The following is from
[http://www.salon.com/2015/09/26/how_to_explain_the_kgbs_amaz...](http://www.salon.com/2015/09/26/how_to_explain_the_kgbs_amazing_success_identifying_cia_agents_in_the_field/)
and describes the way the Russians implemented SELECT * WHERE CIA FROM
EMBASSY_EMPLOYEES: "differences in the way agency officers undercover as
diplomats were treated from genuine foreign service officers (FSOs). The pay
scale at entry was much higher for a CIA officer; after three to four years
abroad a genuine FSO could return home, whereas an agency employee could not;
real FSOs had to be recruited between the ages of 21 and 31, whereas this did
not apply to an agency officer; only real FSOs had to attend the Institute of
Foreign Service for three months before entering the service; naturalized
Americans could not become FSOs for at least nine years but they could become
agency employees; when agency officers returned home, they did not normally
appear in State Department listings; should they appear they were classified
as research and planning, research and intelligence, consular or chancery for
security affairs; unlike FSOs, agency officers could change their place of
work for no apparent reason; their published biographies contained obvious
gaps; agency officers could be relocated within the country to which they were
posted, FSOs were not; agency officers usually had more than one working
foreign language; their cover was usually as a “political” or “consular”

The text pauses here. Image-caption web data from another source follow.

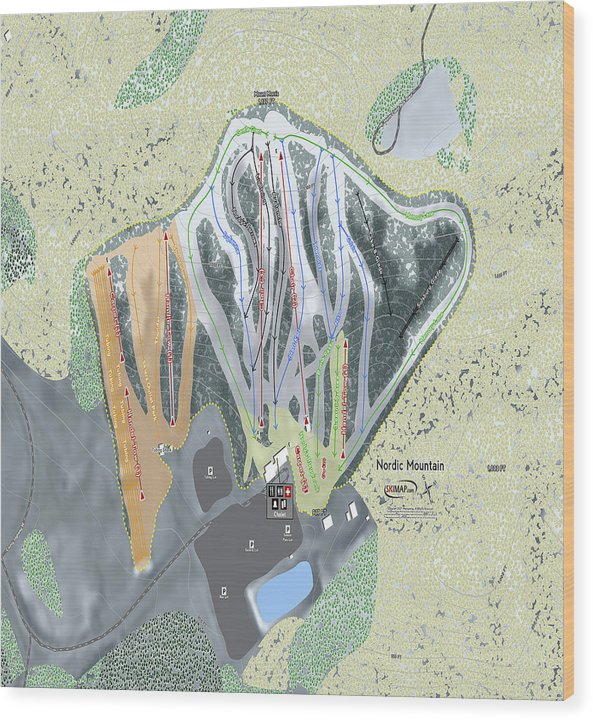 Nordic Mountain Ski Trail Map - Wood Print - Powderaddicts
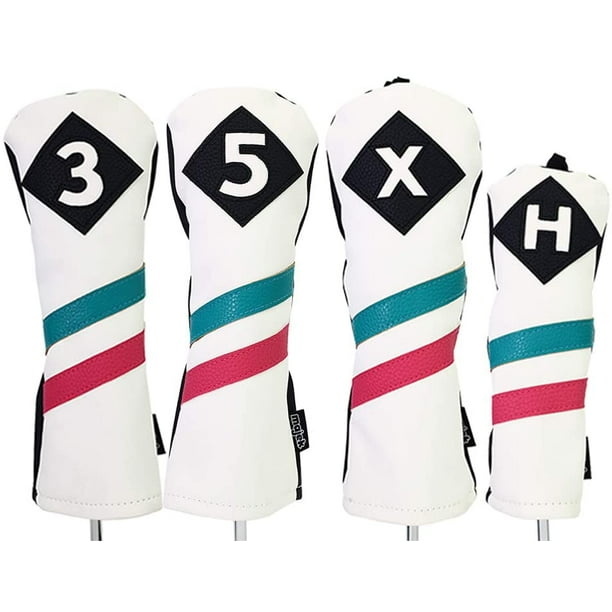 Majek Golf Vintage Headcovers White Seafoam Teal Pink Stripe Premium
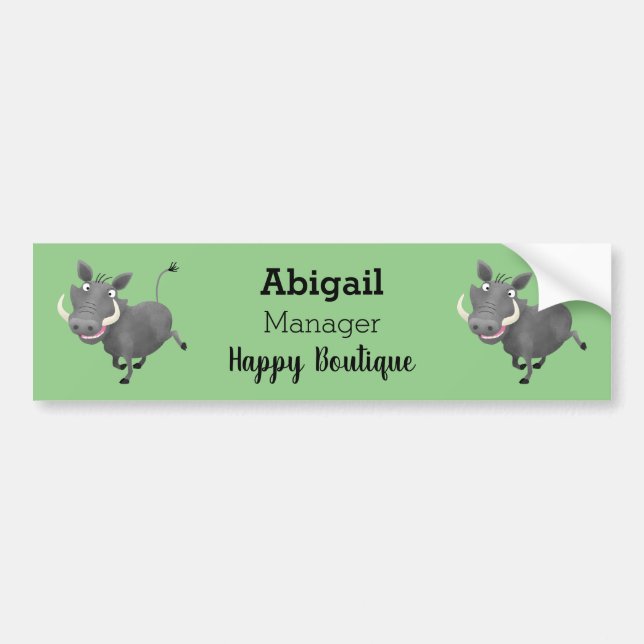 Funny african warthog gris tecknad illustration bildekal (Framsidan)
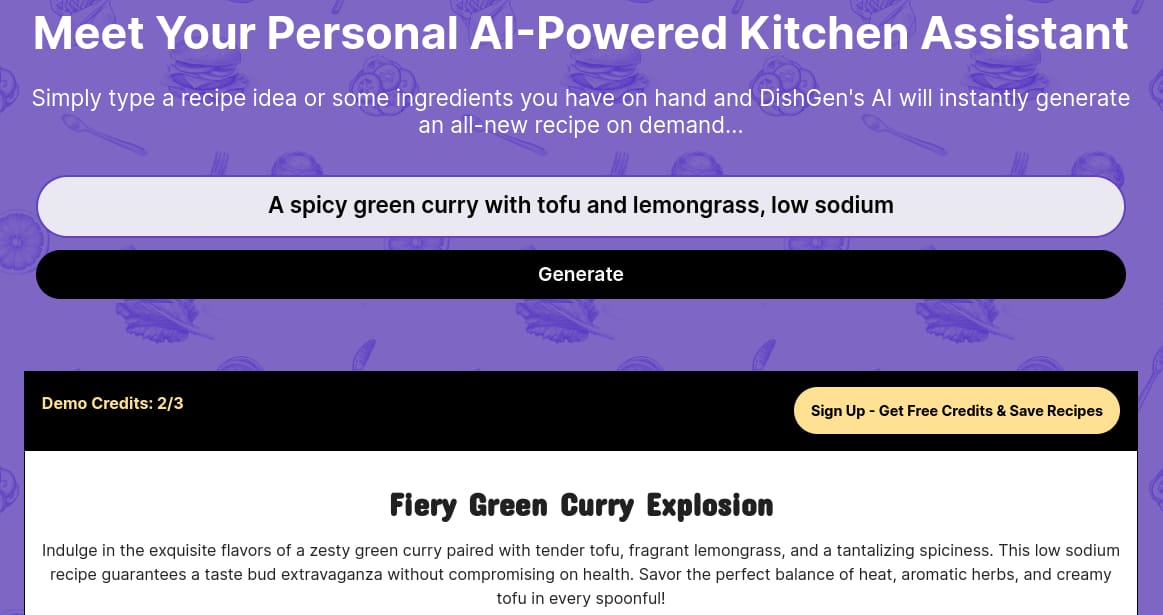 Generating an AI recipe with DishGen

official (often vice-consul); internal embassy reorganizations usually left
agency personnel untouched, whether their rank, their office space or their
telephones; their offices were located in restricted zones within the embassy;
they would appear on the streets during the working day using public telephone
boxes; they would arrange meetings for the evening, out of town, usually
around 7.30 p.m. or 8.00 p.m.; and whereas FSOs had to observe strict rules
about attending dinner, agency officers could come and go as they pleased." I
read the book. When a CIA agent's cover was blown, the CIA had a spare care
and apartment and the agent's replacement needed just that, so they tended to
reuse the car and apartment. And wondered why the replacement was then
identified so quickly.

So. After that long digression, here comes a hypothesis: Organisations that
can keep their mistakes secret, can make themselves _seem_ much more capable
than other, similarly large organisations.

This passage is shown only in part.